Zowel eigenaars van kerncentrales, als controleurs die onze veiligheid moeten waarborgen, zijn zich bewust van deze instabiliteit. Ze weten dat alleen volledige zekerheid vertrouwen garandeert. Elke onzekerheid kan leiden tot erosie van vertrouwen, langs vaak onvoorspelbare wegen. Daarom houden ze alles dat tot onzekerheid zou kunnen leiden, liever in eigen kring, zichzelf rechtvaardigend met hun deskundigheid waarmee ze waken over de veiligheid van het volk. De geschiedenis van kernenergie is bezaaid met geheimhouding rond incidenten, soms zelfs directe leugens. En juist dat maakt, als het uitkomt, weer wantrouwen gaande.

Overschakeling van geheimhouding naar openheid als het moet, blijkt onmogelijk. Tokyo Electric Power Company (Tepco), gewend aan geheimhouding, kon geen openheid betrachten toen het moest. Voor de hele wereld, om te beginnen met de premier van Japan, staan zij nu te kijk als verhuller van de waarheid. En er is geen weg terug: ze zullen nooit meer worden geloofd.

Het is vrijwel niet mogelijk, zich tegen onverwachte gebeurtenissen in te dekken. Het scenario van Tsjernobyl is nooit in een simulatie bedacht. Wat betreft de Japanse centrales: ook in de jaren ’70 en ’80 stonden aardbevingen in het centrum van de discussie over veiligheid, de Fukushima-reactoren waren er qua ontwerp op berekend; maar de tsunami was niet voldoende in beeld gekomen. Elders in de wereld zal over 25 jaar weer iets onverwachts kunnen gebeuren.

Hoewel de meeste kerncentrales meestal betrouwbaar elektriciteit hebben geleverd, lijkt het niet verstandig de elektriciteitsvoorziening te grondvesten op zo’n instabiele technologie als kernenergie. Het zwakke punt zit niet in technologie maar in beeldvorming! Wat is een miljardentechnologie waard die door verandering van publieke perceptie ineens van de kaart kan worden geveegd?

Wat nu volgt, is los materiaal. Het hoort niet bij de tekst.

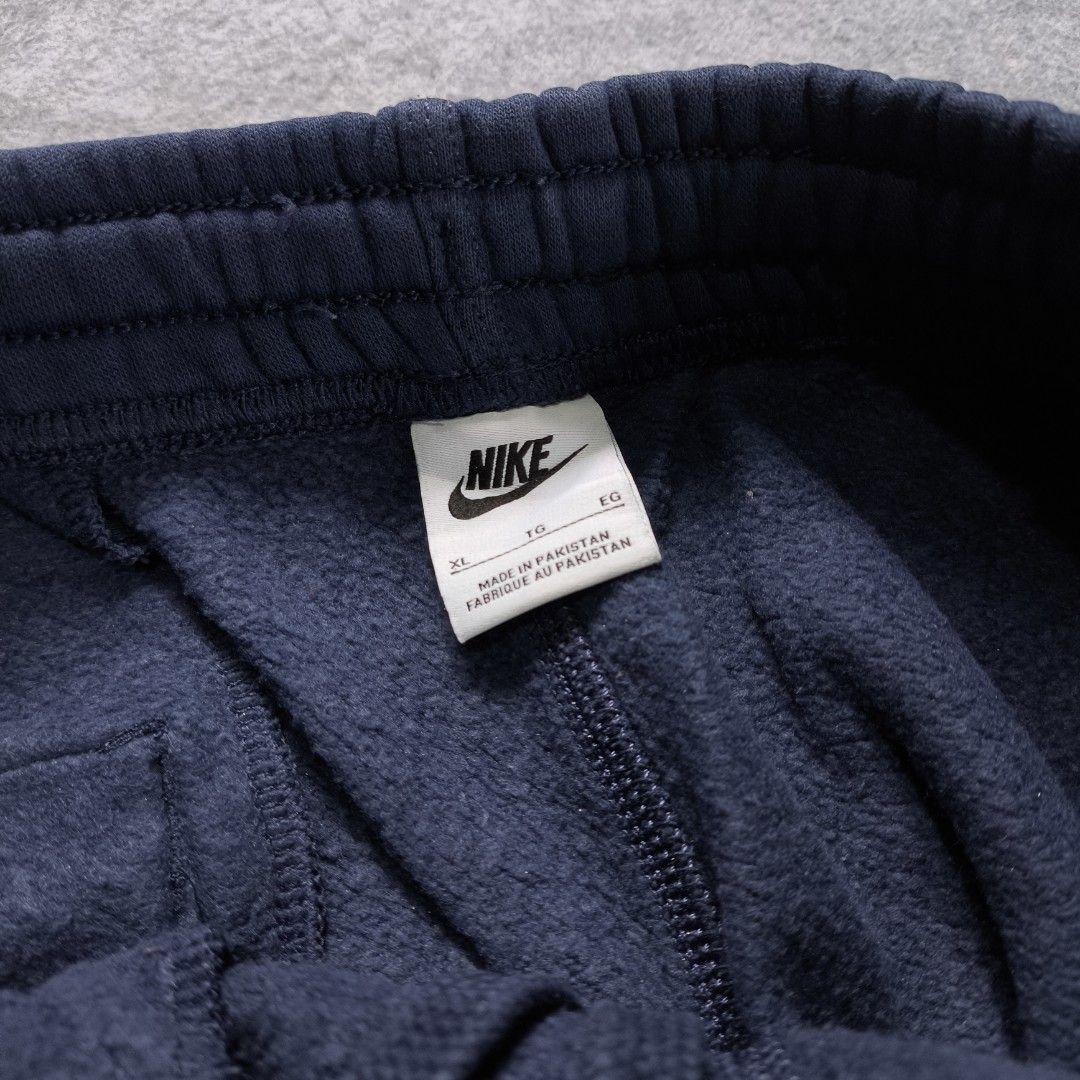 Nike Sportswear Jogger Pants (Category: Joggers) located in Manila. Submitted by shykes_26 (Listing ID 1460970305, Image 3). Description: Dimensions: Waist - 30-44 (XL on tag) Length - 39 Thigh - 14 Leg open - 6 Issues: None.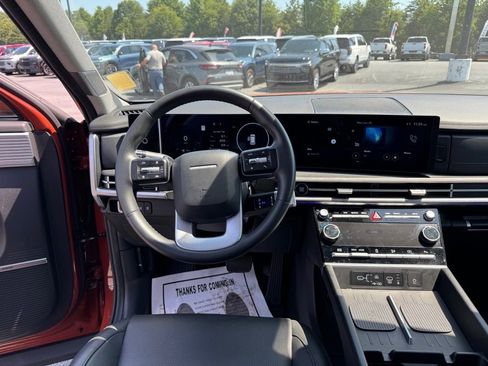 Used 2025 Hyundai Santa Fe Limited image 13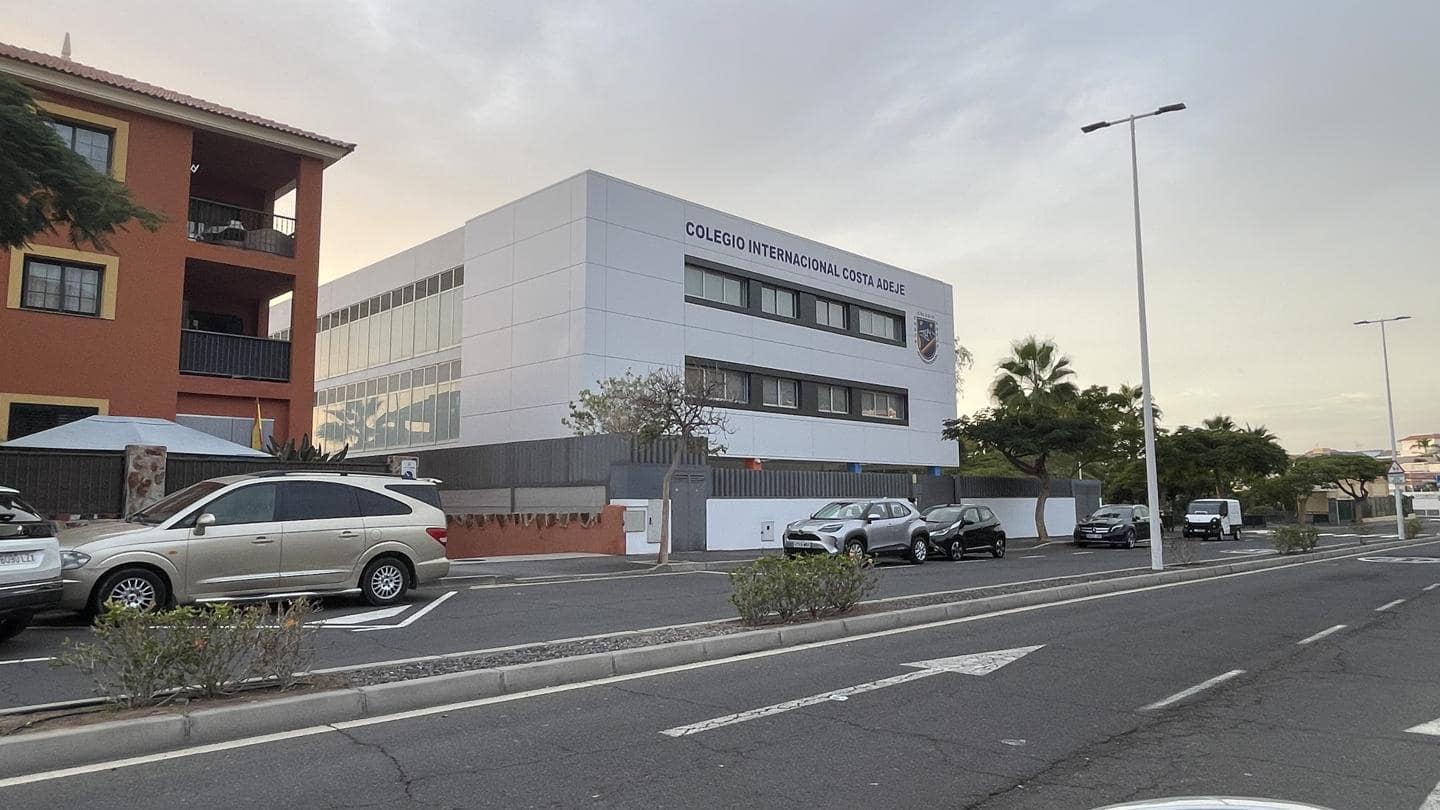 Piso de 2 habitaciones en Costa Adeje en venta con garaje - 280.000 € (Ref: 8785587)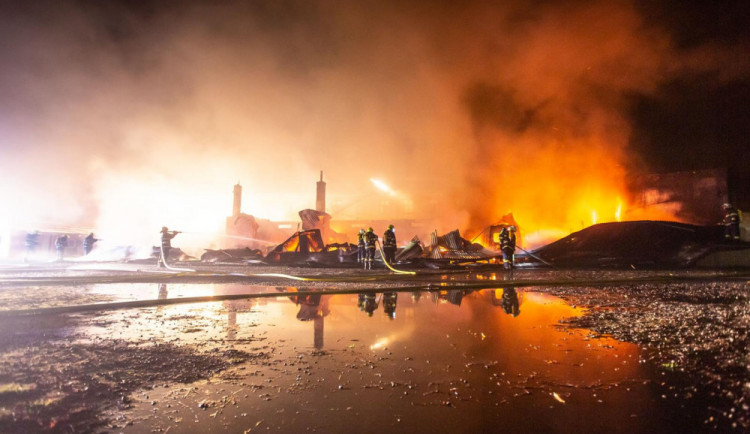 Skladovací hala v Jaroměři lehla popelem, škoda je 1,2 milionu korun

Is kernenergie misbaar? Ja, nog steeds. Hoewel kerncentrales zeker kunnen helpen bij de bestrijding van het broeikaseffect, is hun maximaal haalbare bijdrage aan de energievoorziening niet meer dan de helft van de elektriciteitsproductie, ofwel 10% van het totale energieverbruik. Laat het 20% zijn, als elektrische auto’s doorbreken. Wie oog heeft voor de razend snelle ontwikkeling van zonnecellen, hoeft niet lang te zoeken naar het alternatief. Kernenergie is voor even: totdat ze zon doorbreekt.